Può sembrare strano ai nostri occhi, ma nel IV secolo la poesia non era solo bellezza o svago: era un campo di battaglia. Nel conflitto tra cristiani e pagani, infatti, la parola aveva un peso enorme, i versi potevano essere usati come spada o scudo, come propaganda o difesa.
L’imperatore Giuliano l’Apostata, salito al trono nel 360, volle riportare Roma all’antica religione degli dei. Non si limitò a leggi e decreti: mise in campo la sua penna. Colto e raffinato, compose inni e satire che celebravano Zeus, Apollo e gli dei olimpici, ridicolizzando i cristiani e descrivendoli come ignoranti e barbari.

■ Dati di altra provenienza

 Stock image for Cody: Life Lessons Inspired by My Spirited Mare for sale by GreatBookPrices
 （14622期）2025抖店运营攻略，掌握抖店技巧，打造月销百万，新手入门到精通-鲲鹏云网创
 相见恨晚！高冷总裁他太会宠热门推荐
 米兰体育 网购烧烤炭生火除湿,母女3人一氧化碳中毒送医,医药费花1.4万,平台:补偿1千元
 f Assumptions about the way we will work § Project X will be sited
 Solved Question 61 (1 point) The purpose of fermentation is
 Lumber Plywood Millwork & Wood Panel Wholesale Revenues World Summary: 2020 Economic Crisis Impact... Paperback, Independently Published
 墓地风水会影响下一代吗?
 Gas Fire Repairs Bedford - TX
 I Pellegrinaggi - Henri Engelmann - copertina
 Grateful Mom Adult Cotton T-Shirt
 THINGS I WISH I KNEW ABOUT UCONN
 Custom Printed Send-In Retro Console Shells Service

Scrisse degli inni a Dioniso e agli dei pagani ispirandosi all’Iliade.
Per lui la poesia era un’arma di seduzione culturale: bisognava mostrare che il mondo greco-romano era superiore, anche sul piano dello stile e della poesia.
Ma non tutti si lasciarono intimorire dalla sua prepotenza artistica. Gregorio di Nazianzo, grande teologo e poeta ( che con Basilio Magno e Gregorio di Nissa fu uno dei grandi padri della Cappadocia) raccolse la sfida sullo stesso terreno. Nei suoi acrostici e nei suoi carmi morali contrattaccò con versi sofisticati e pieni di fede e polemica, in cui presentava Giuliano come un uomo smarrito e debole, prigioniero delle ombre del paganesimo. Per Gregorio, Cristo era la vera luce, e i versi servivano a mostrarlo in modo potente, emozionante, capace di colpire i cuori più che i ragionamenti freddi.
Alla battaglia prese parte anche Apollinare di Laodicea. Oggi è ricordato soprattutto per le sue posizioni teologiche poi condannate come eretiche (diceva che Cristo avesse solo una natura, cosa errata! Cristo è una persona con due nature, una umana e una divina), ma in quel momento fu un prezioso alleato. La sua idea fu geniale: “Se Giuliano ci accusa di non avere cultura, diamogliela!”. Così scrisse poesie cristiane ispirandosi a Omero e Pindaro. Il suo intento era chiaro: dare ai giovani cristiani un bagaglio letterario raffinato senza dover bere alla fonte dei poeti pagani.
Quella tra Giuliano, Gregorio e Apollinare non fu una semplice disputa di intellettuali, ma una vera guerra di propaganda. Ognuno scagliava i propri versi come dardi: Giuliano per esaltare gli dèi antichi, Gregorio per difendere la fede cristiana, Apollinare per mostrare che il cristianesimo non era culturalmente inferiore.
La morte precoce di Giuliano, nel 363, impedì la restaurazione del paganesimo. I suoi inni e satire rimasero come curiosità letterarie, mentre la poesia di Gregorio continua a nutrire la spiritualità e la teologia. La poetessa Cristina Campo, grande amante della Messa in latino, diede un contributo significativo alla letteratura cristiana traducendo le sue poesie. Apollinare, pur finendo su strade dottrinali sbagliate e venendo scomunicato come eretico, lasciò comunque un segno importante in quella stagione, sebbene le sue opere poetiche siano state smarrite. Oggigiorno, ancora, è importante che gli artisti cattolici continuino a dipingere e comporre opere letterarie per mostrare l’elevatezza morale ed estetica della Chiesa.